Love in pedagogical work is an orientation. It’s a commitment to the personhood of learners, to their intersectionality, to their deep emotional backgrounds, to the authenticity of their lives. It is a decision to commit first to the community of learners and second to the material we’ve come to teach. When we speak about love in pedagogical work, we suspend our habitual talk about assessment, content, educational technology, plagiarism, compliance. We do not need to eliminate that talk, but when we return to it after orienting ourselves to a pedagogy of care, it is no longer habitual talk—it is considered discussion, that often includes the learner. Love gives rise to the critical in this way, for it demands the decay of unconsidered habit.

Had I come to Cairo with nothing but my bag of tricks, I would have cheated both myself and these students. Had I not stopped in the midst -- again and again -- of my lesson plans to listen with respect and care, the classroom would have been mute and my teaching an almost obscene display.

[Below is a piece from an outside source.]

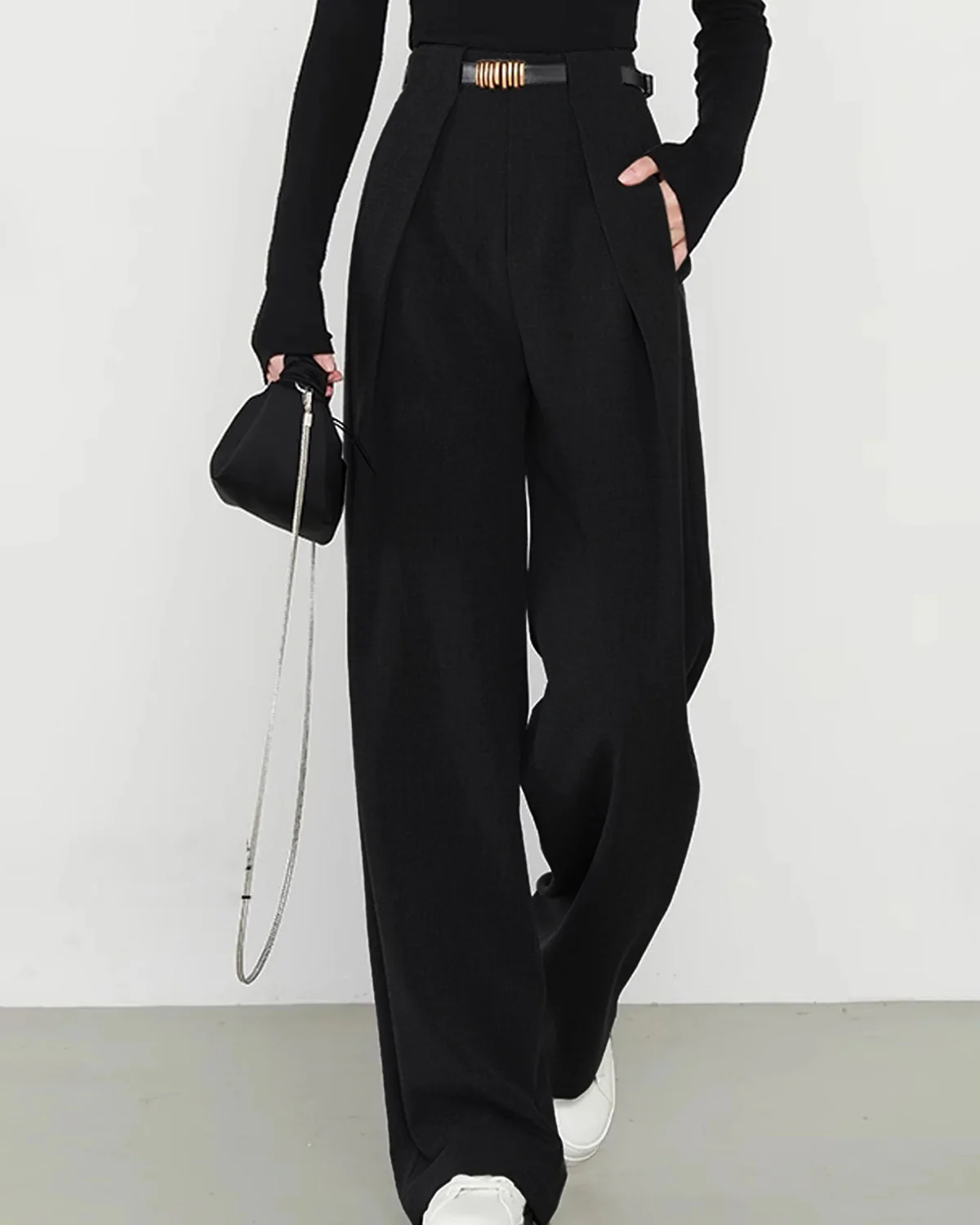 Black Natural Waisted Straight Pants - Image 2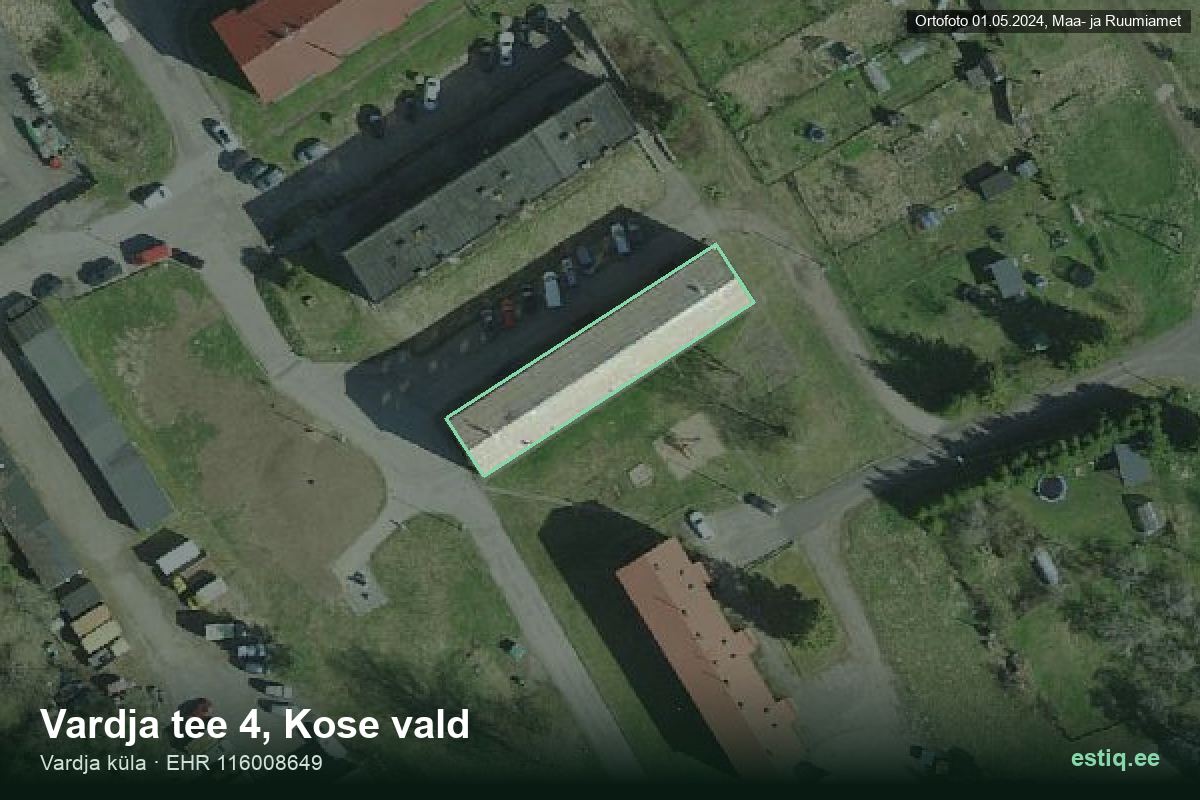 Vardja tee 4, Kose – hoone aerofoto, kontuur ehitisregistri (EHR) andmetest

Deciding not to love the learners we accompany is an uncritical decision, and ultimately not scholarly. Doesn’t the Shakespeare scholar first love Ophelia? Doesn’t the physicist first love the gravity of an atom? Isn’t it the love of sediment that draws the geologist, the love of human history that seduces the archaeologist, the love of the human anatomy that is the siren song for the surgeon?

So why is it painful for the academic to admit that love stirs them? Why, even in writing this, do I find myself looking for more and more evidence to support my claims? Why is love considered uncritical when in fact it is only that fragile care for our fields that inspires the critical inspection that eventually grows into rigor? Can not I love my subject matter? Can not I love my students without reproach?

As I finish writing this post, I can hear the distant call to prayer carried on the breeze over Cairo. I pause to listen, to wonder at why it stirs me. I must always allow myself to be stirred—by learners, by teachers, by pedagogy, by the weird transpersonal nature of digital networks—and I must always let that stirring call me to critical practice in my teaching.